═════ DATASET EXCERPT ═════

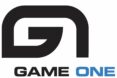 GAMEONE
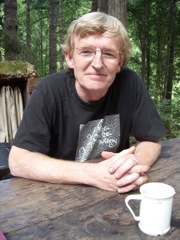 JimWimmer1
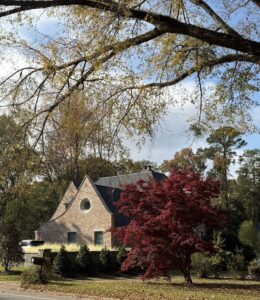 auburn homes near auburn university 9 | REALTOR® Laura Sellers, Auburn, AL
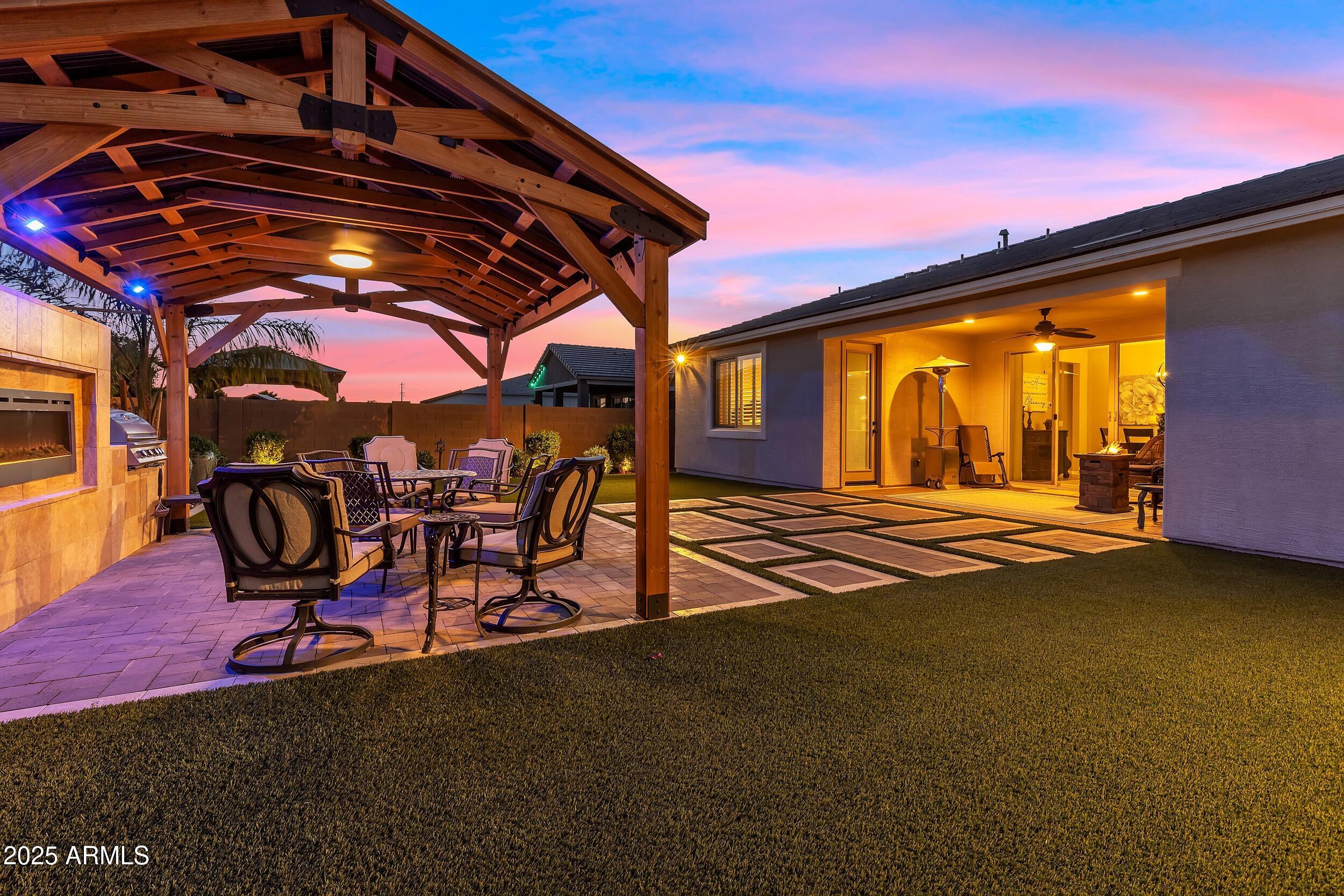 9919 Harvest Road Florence, AZ 85132 - Photo 41 of 60 58_758a3614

═════

DIRECTIONS FOR THIS TASK
Wherever a picture appears, omit it; copy the rest of the data exactly.

EXPECTED ANSWER
 GAMEONE
 JimWimmer1
 auburn homes near auburn university 9 | REALTOR® Laura Sellers, Auburn, AL
 9919 Harvest Road Florence, AZ 85132 - Photo 41 of 60 58_758a3614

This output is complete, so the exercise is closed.